- Written by: Brendan Cowell
- Original language: English
- Genre: Comedy

Premiere
- Date premiered: 2002

= Bed (2002 play) =

2002 play by Brendan Cowell

Bed is a play by Australian actor and playwright Brendan Cowell. In February 2002 Cowell won the Patrick White Playwrights' Award, shared with two others, for this play. It is about a man, Phil, who is on his deathbed and revisits his five most significant lovers through his life.

It debuted in 2004 when it was staged at the Perth Institute of Contemporary Arts, directed by Matthew Lutton and featuring Andrew Hale in the lead role supported by Nick Candy, Gillian Alexy, Renee McIntosh, Leon Bryant and Francesca Waters.

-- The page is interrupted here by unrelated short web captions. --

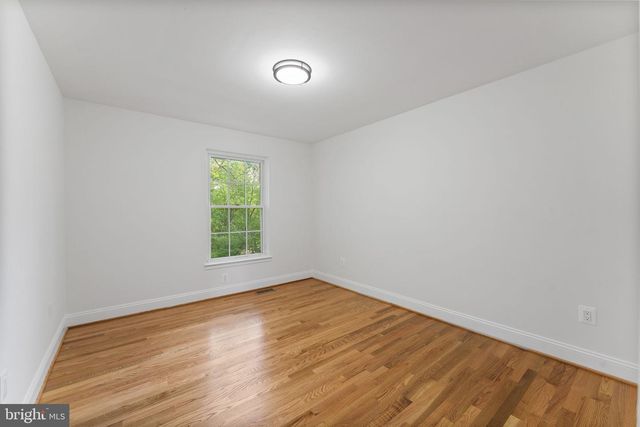 5926 POWELLS LANDING RD, Burke, VA 22015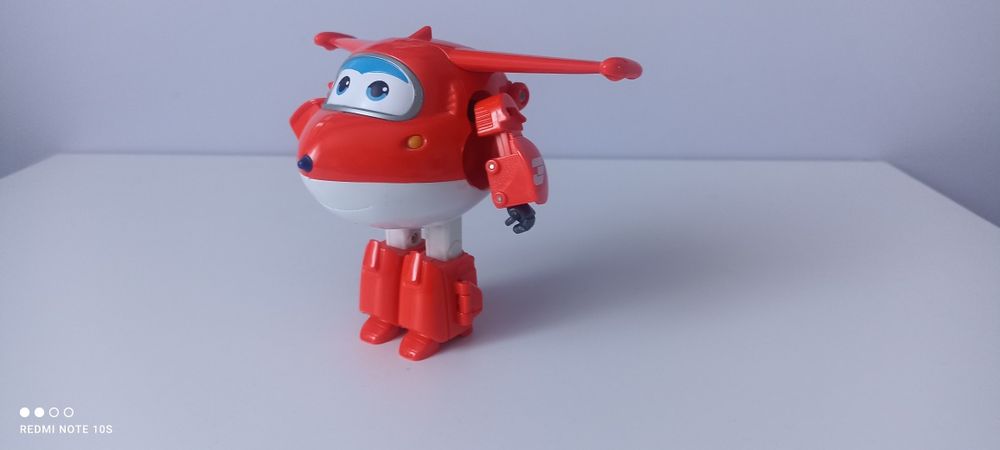 Transformująca się figurka Super Wings Dżetek(Jett).
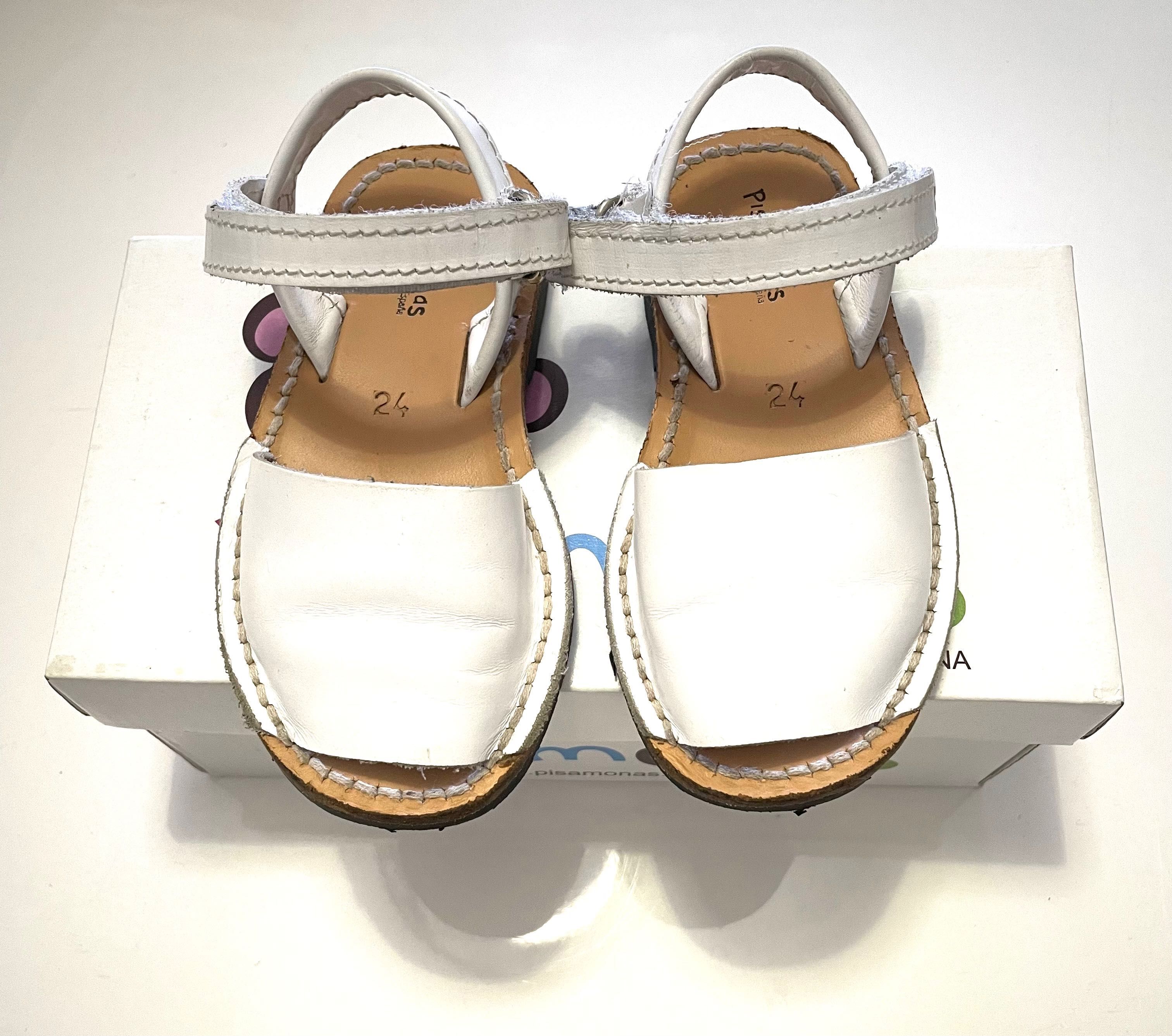Sandálias menorquinas brancas - tamanho 24 - Pisamonas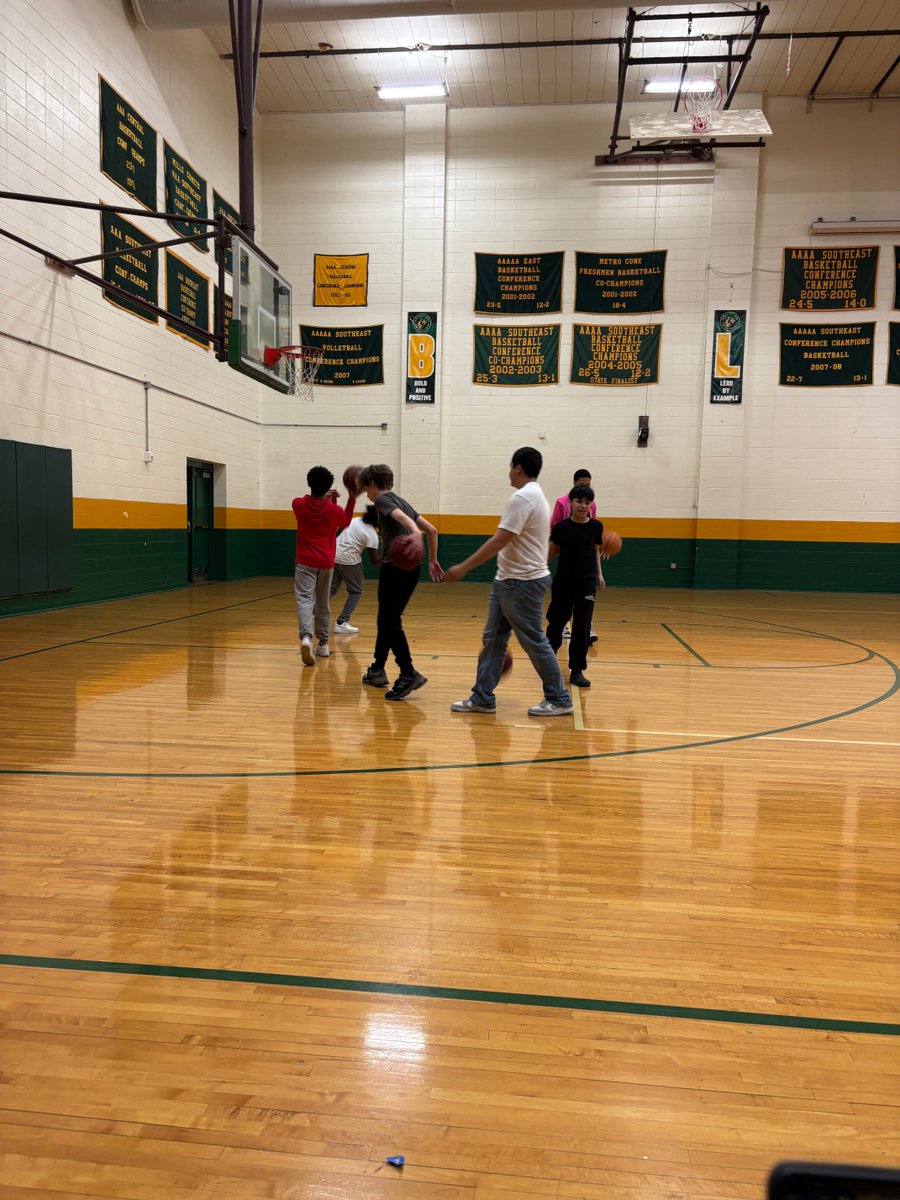 Mills Middle School tweet media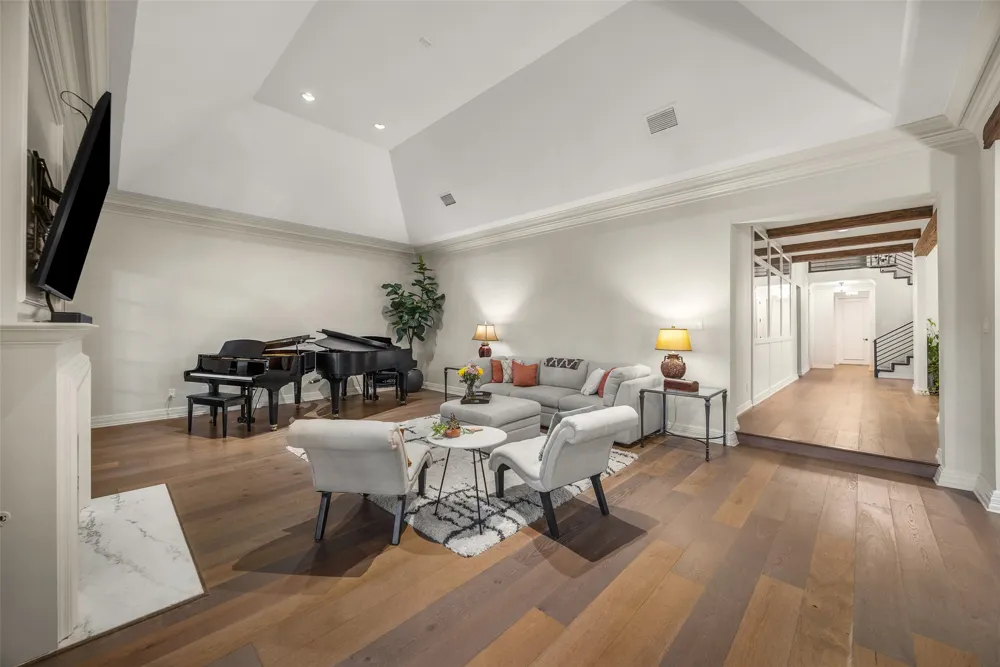 13715 Creekside Place Dallas, TX 75240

In 2005 it had a season at Wharf 2 presented by the Sydney Theatre Company as a part of Blueprints. It was directed by Cowell and Daniel Wyllie played Phil with Annie Byron, Hayley McElhinney, Thomas Campbell, Caroline Craig and Sam Leis playing his lovers. Lenny Ann Low of The Sydney Morning Herald finishes her review "Bed makes you hunger for the next scene and lose yourself in its characters' lives. And, at its very best moments, it sings with truth, poetry and pain." The Australian's John McCallum writes "The style of the writing is exaggerated, almost surreal. Sometimes it strains after effect, and some of the abruptly revealed changes in Phil's life are over the top. Overall, however, it is Cowell's best play yet." He notes "By the end of the play this contradictory man has suddenly, unexpectedly learned how to love and be loved." Keith Gallasch writes in Realtime "Built from short scenes, propelled by an often acid wit and cyclically structured to systematically go back over a life and reveal the making and unmaking of a man at key stages, Bed is certainly engaging, though the initial effect is more powerful than that which lingers. For all its viscerality and frankness, Bed is curiously abstract."